Download IntelliJ14.1 from the official website and install. When we launch it for the first time, it will tell us to make some configurations, like choosing the show schema and etc. You’d better to choose to install the Scala plugin, otherwise we will do it later.

After installing it, we can create a new project to test.

1

Click Java, we need to set up Project SDK. The path is the JDK installing path. Then click next, don’t choose Groovy and Scala. You can write HelloWorld to test whether it succeeds.
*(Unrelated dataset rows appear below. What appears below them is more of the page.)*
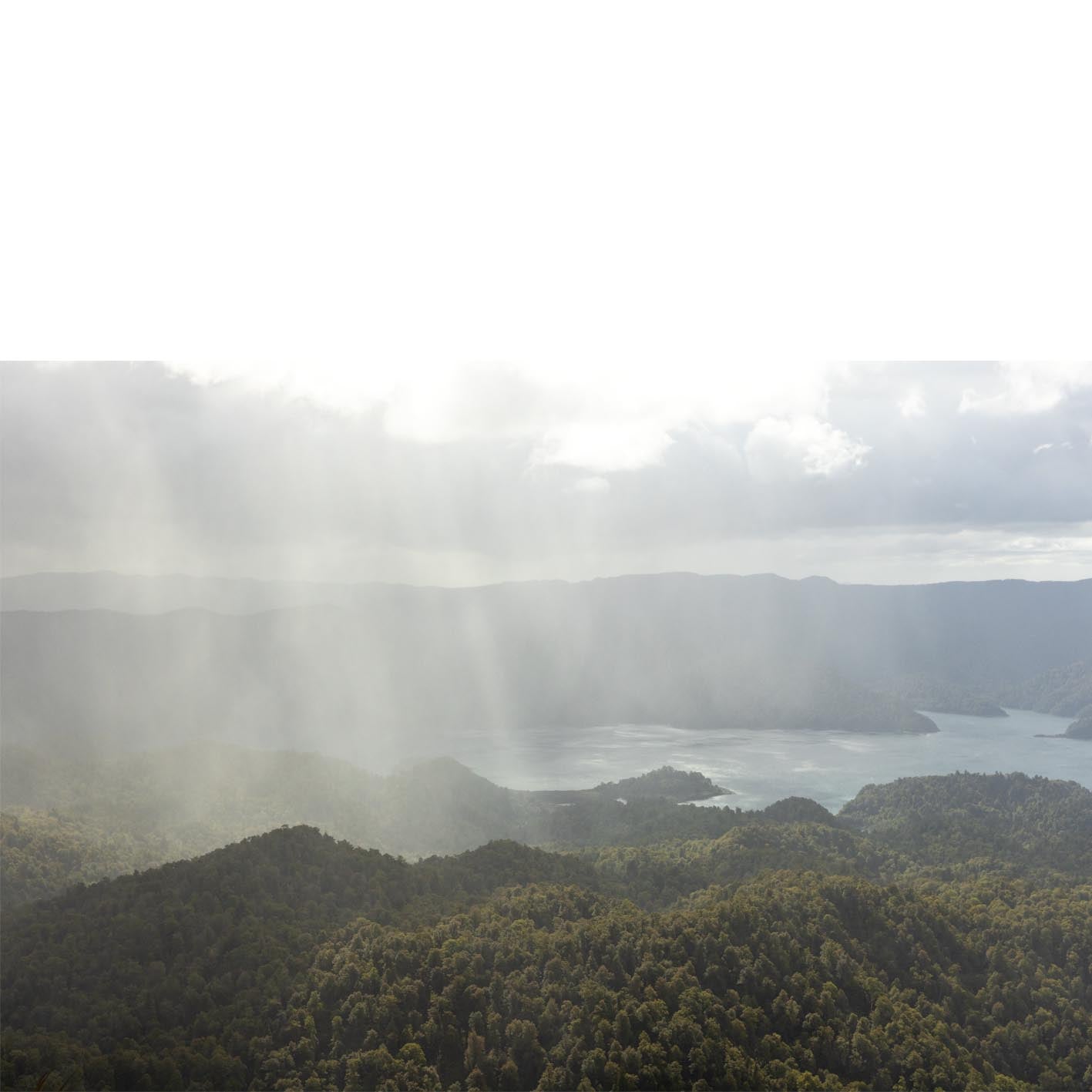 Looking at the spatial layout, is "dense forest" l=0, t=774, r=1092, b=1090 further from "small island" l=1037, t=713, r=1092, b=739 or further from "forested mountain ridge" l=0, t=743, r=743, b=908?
"small island" l=1037, t=713, r=1092, b=739

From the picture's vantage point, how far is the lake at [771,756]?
4288 centimetres

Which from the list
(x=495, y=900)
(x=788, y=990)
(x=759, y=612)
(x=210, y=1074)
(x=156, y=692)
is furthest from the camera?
(x=759, y=612)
From the picture above, in the left, we can see Scala option, click it. Then click Scala, we create a new scala project. Here still needs to set up Scala SDK. After setting up, you can write some scala codes to make testing.

5. Test Spark in IntelliJ

Create a Scala project as the instructions in 4. For using spark, we need to add the spark jar file into it. Click File->Project Structures->Libraries->+, add the spark-assembly-1.5.1-hadoop2.6.0.jar from the spark installing path.

2

Then we can run the spark examples. Create a new Scala file, paste the codes below in it.

1
2
3
4
5
6
7
8
9
10
11
12
13
14
15
16
17
18
19
20
21
22
23
24
// scalastyle:off println
package org.apache.spark.examples

import scala.math.random

import org.apache.spark._

/** Computes an approximation to pi */
object SparkPi {
def main(args: Array[String]) {
val conf = new SparkConf().setAppName("Spark Pi")
val spark = new SparkContext(conf)
val slices = if (args.length > 0) args(0).toInt else 2
val n = math.min(100000L * slices, Int.MaxValue).toInt // avoid overflow
val count = spark.parallelize(1 until n, slices).map { i =>
val x = random * 2 - 1
val y = random * 2 - 1
if (x*x + y*y < 1) 1 else 0
}.reduce(_ + _)
println("Pi is roughly " + 4.0 * count / n)
spark.stop()
}
}
// scalastyle:on println

Before running the code, we need to edit the running configurations, otherwise it will show errors.

3

In the VM Options, add the content below in it

1
-Dspark.master=local

Then run it.

1
2
3
4
5
6
7
8
9
10
11
12
13
14
15
16
17
18
19
...
...
...
15/11/02 16:37:06 INFO TaskSchedulerImpl: Removed TaskSet 0.0, whose tasks have all completed, from pool
15/11/02 16:37:06 INFO DAGScheduler: ResultStage 0 (reduce at SparkPi.scala:40) finished in 0.330 s
15/11/02 16:37:06 INFO DAGScheduler: Job 0 finished: reduce at SparkPi.scala:40, took 0.878039 s
Pi is roughly 3.1377
15/11/02 16:37:06 INFO SparkUI: Stopped Spark web UI at http://192.168.1.103:4041
15/11/02 16:37:06 INFO DAGScheduler: Stopping DAGScheduler
15/11/02 16:37:06 INFO MapOutputTrackerMasterEndpoint: MapOutputTrackerMasterEndpoint stopped!
15/11/02 16:37:06 INFO MemoryStore: MemoryStore cleared
15/11/02 16:37:06 INFO BlockManager: BlockManager stopped
15/11/02 16:37:06 INFO BlockManagerMaster: BlockManagerMaster stopped
15/11/02 16:37:06 INFO OutputCommitCoordinator$OutputCommitCoordinatorEndpoint: OutputCommitCoordinator stopped!
15/11/02 16:37:06 INFO SparkContext: Successfully stopped SparkContext
15/11/02 16:37:06 INFO ShutdownHookManager: Shutdown hook called
15/11/02 16:37:06 INFO ShutdownHookManager: Deleting directory /private/var/folders/kj/trxlbgrx6rjcv1rccwgxd5xm0000gn/T/spark-6a6b84a5-e3b3-4765-8c0d-6eb9275fc377

Process finished with exit code 0

You will see the results.

Now we have configured all the environments we need to develop Spark applications. Let’s start to program!!!